私の、コルビュジエLC2に対する印象はというと、安楽とは言い難く、ちょっと突き放された感じ。私の椅子の標準器たるポルトローナフラウのヴァニティーフェアの圧倒的な「包まれ感」、この地表の東経何度、北緯何度があなたの居場所ですよと安堵させてくれる感じ、これがない。背もたれが、腰のあたりまでしかないことも影響しているのかも。
まず、革の方に腰かけた感じ。今までの印象のとおり。
次に、布の方に腰かけた感じ。あれ、違うなあ。少し落ち込むのは勿論だが、それだけではなく、「包まれ感」が、ある。見直しました。
革張りのは、マンションのラウンジやオフィスでよく見かけます。それだと、長居されたくないので、固い感じでちょうどいい。しかし、家庭内では、くつろげない。それに対して、布張りは、とてもいい感じ。冬でも表面が冷たくないし。
最高級は、革ではなくて布、を再確認しました。
コルビュジエ(実は、シャルロット・ぺリアン)も、当初は、布張りを想定していたのかも。

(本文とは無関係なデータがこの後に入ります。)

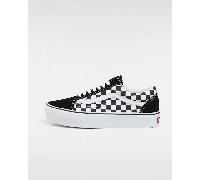 Vans Womens Old Skool Checkerboard Platform Trainers Black/True White 4.5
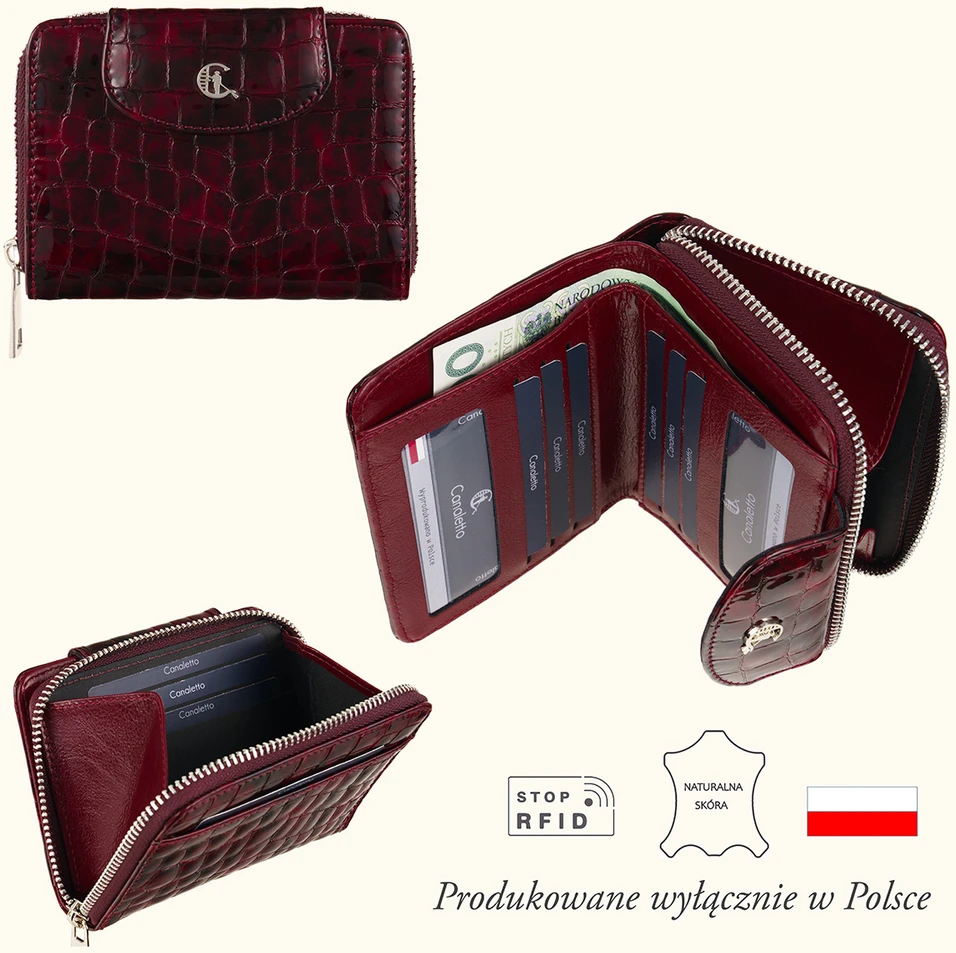 ADELINA Portfel damski skórzany Canaletto lakierowany ochrona RFID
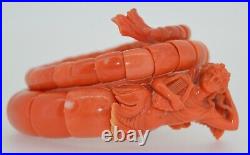 Incredible Natural Coral Hand Carved Victorian Figural Wrap Bracelet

さて、この椅子に対する態度とはどのようなものか。まず腰を低くして、正面のクロームメッキのパイプのアールのついた部分を鑑賞します。「結構な曲がり具合で」と、つぶやくように褒めます。次にゆっくりターンして、深く腰掛け、視線は前においたまま、左手で、おもむろに手すりのパイプの下面に刻まれたコルヴィジェのサインを、二回なでます。その際、愉悦の表情を浮かべることも大事です。これが、「椅子道」の作法です。同好の志以外の方には、了解不能、でしょうか。